Ghost-Managed Medicine by Sergio Sismondo explores a spectral side of medical knowledge, based in pharmaceutical industry tactics and practices.
Hidden from the public view, the many invisible hands of the pharmaceutical industry and its agents channel streams of drug information and knowledge from contract research organizations (that extract data from experimental bodies) to publication planners (who produce ghostwritten medical journal articles) to key opinion leaders (who are sent out to educate physicians about drugs) to patient advocacy organizations (who ventriloquize views on diseases, treatments and regulations), and onward. The goal of this 'assemblage marketing' is to establish conditions that make specific diagnoses, prescriptions and purchases as obvious and frequent as possible. While staying in the shadows, companies create powerful markets in which increasing numbers of people become sick and the drugs largely sell themselves.
Most agents for drug companies aim to tell the truth, but the truths they tell are drawn from streams of knowledge that have been fed, channeled and maintained by the companies at every possible opportunity. Especially because those companies have concentrated influence and narrow interests, consumers and others should be concerned about how epistemic power is distributed - or 'political economies of knowledge' - and not just about truth and falsity of medical knowledge.
In pharmaceutical companies' ideal worlds, medical research, education and marketing would be tightly fused. Doctors trying to educate themselves would turn to companies' agents, such as researchers and educators sponsored to spread particular messages, local sales reps hired to change doctors' behaviour, or journalists supplied with news stories.
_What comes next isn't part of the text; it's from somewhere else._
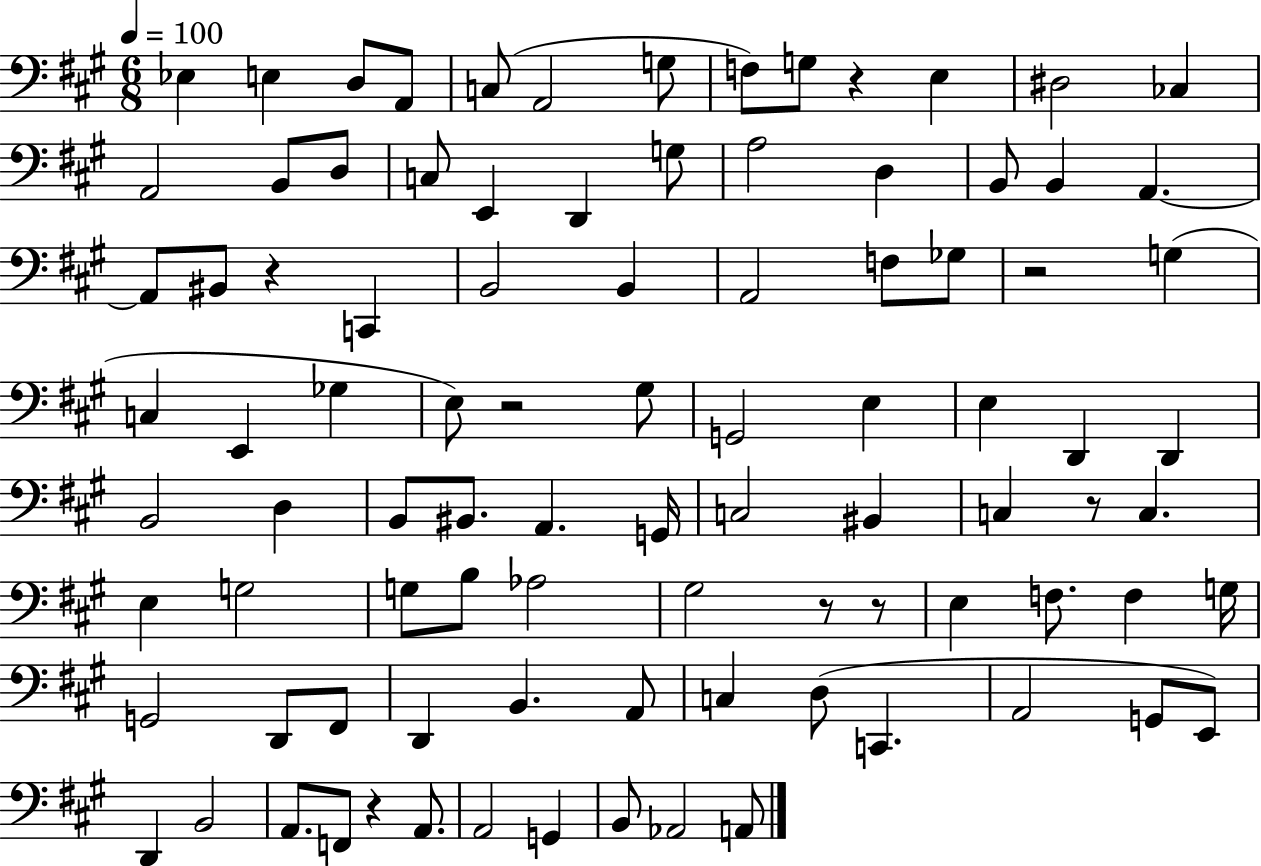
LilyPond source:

Ghost-Managed Medicine shows that the real world of medicine is not very far from the worlds that the companies want to create. Big Pharma's many invisible hands are busy throughout medicine, and medicine changes as a result.
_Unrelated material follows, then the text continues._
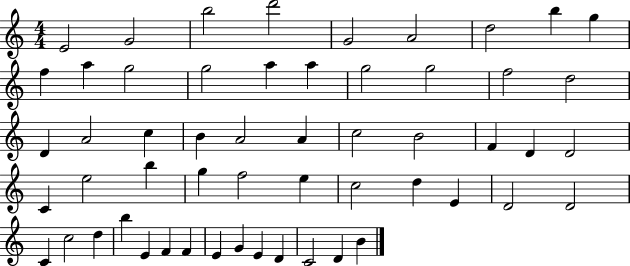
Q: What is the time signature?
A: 4/4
Ghost-Managed Medicine draws on presentations at industry conferences, especially ones where pharmaceutical companies interact with communication, marketing and other agencies. Participants at these interface conferences describe goals, practices and concerns; in the process, they reveal a lot about how the industry works. Some of the book's other data is taken from publications that also serve as interfaces between the industry and adjacent actors, and from interviews with people engaged in pharmaceutical marketing.